IBM / core-dump-handler

Save core dumps from a Kubernetes Service or RedHat OpenShift to an S3 protocol compatible object store
https://ibm.github.io/core-dump-handler/
MIT License
131 stars 40 forks source link

Update event handler to use temp file #137

Closed gonzalesraul closed 1 year ago

gonzalesraul commented 1 year ago

@No9 while working with a sidecar container to listen to inotify CREATE events, I found issues to read the json such as:

error processing file: /var/mnt/core-dump-handler/events/1e375e3d-867e-437b-bd57-355d326e965d-event.json: unexpected end of JSON input.

I noticed that the handler was using the final path to buffer out the content.

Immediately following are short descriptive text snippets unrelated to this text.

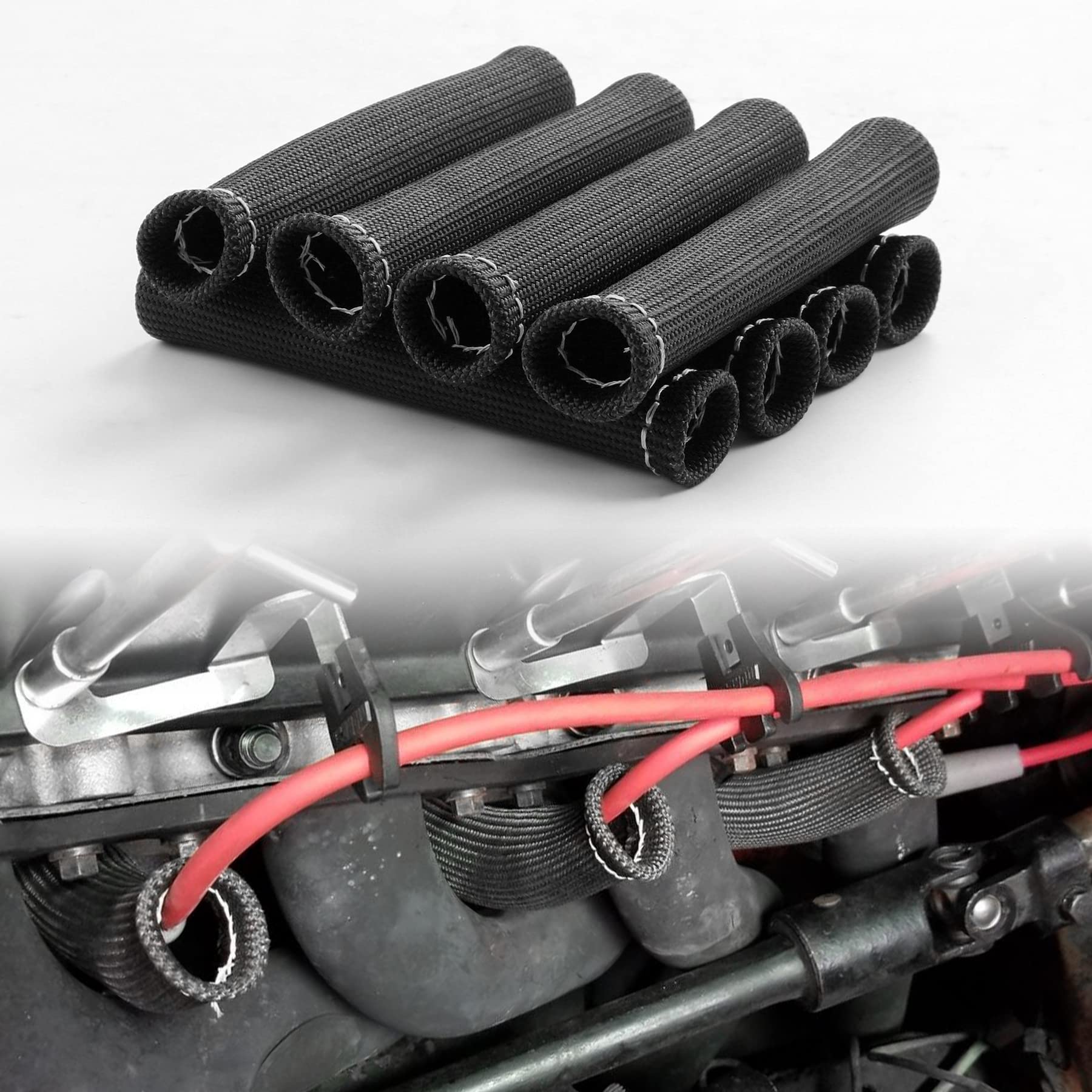 JDMSPEED 8-pack boot heat sleeve front view with 6-inch length and protection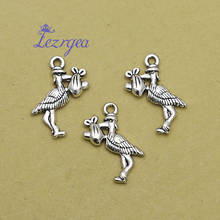 30pcs/lot--23x18mm, bird chams, Antique silver plated stork baby bird charms,DIY supplies, Jewelry accessories 2024 - buy cheap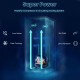 15-inch built-in beverage cooler with adjustable shelves, silver finish, and blue LED lights for stylish drink storage.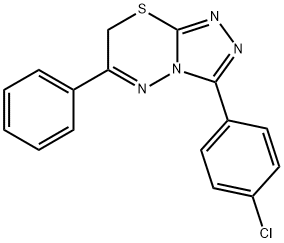 3-(4-chlorophenyl)-6-phenyl-7H-[1,2,4]triazolo[3,4-b][1,3,4]thiadiazine Struktur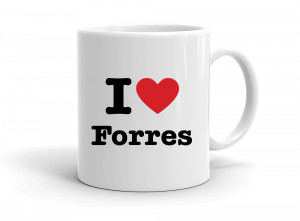 "I love Forres" mug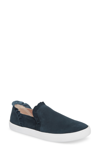Kate Spade Lilly Ruffle Slip-on Sneaker In Navy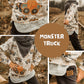 0.5m BIO French Terry Monster Truck cream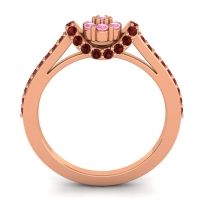 Petite Floral Pave Pupsagiri Ring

By using a temp file and move the final copy to the target event dir, I was able to successfully read the created files.

My thoughts on that is that we can guarantee new files to the event dir being ready to consume, as there is no other file system event that let us know when it is ready of it, the workaround for whoever needs to use the feature would be to set some delay/timer to ready

Signed-off-by: Raul Gonzales gonzalesraul03@gmail.com

No9 commented 1 year ago

In the main agent we use the inotify close event not the create event. https://github.com/IBM/core-dump-handler/blob/5ef6c8e375372f44933990214b044f59505b3b51/core-dump-agent/src/main.rs#L236

And double check it by ensuring there isn't an advisory on the file. https://github.com/IBM/core-dump-handler/blob/5ef6c8e375372f44933990214b044f59505b3b51/core-dump-agent/src/main.rs#L295

If there is a reason you can't check for the inotify close event we can take in this patch as it will improve the amount of misses but really you should consider a scheduled task that checks the advisory.

gonzalesraul commented 1 year ago

Got it, well the tool is written in go and uses https://github.com/fsnotify/fsnotify , as such, that does not support the inotify CLOSE event, only the CREATE one, by any chance can we apply that patch then ?

No9 commented 1 year ago

OK so the go kubernetes folks seems to use this iNotify https://github.com/kubernetes/utils/tree/master/inotify which seems to have support for close. Is this an option? If not I also notice this PR writes to /tmp on some public cloud k8s none secured binaries like cdc were locked down on writing to certain locations. Would it be possible to write a .tmp into the same folder so that this PR won't require additional verification.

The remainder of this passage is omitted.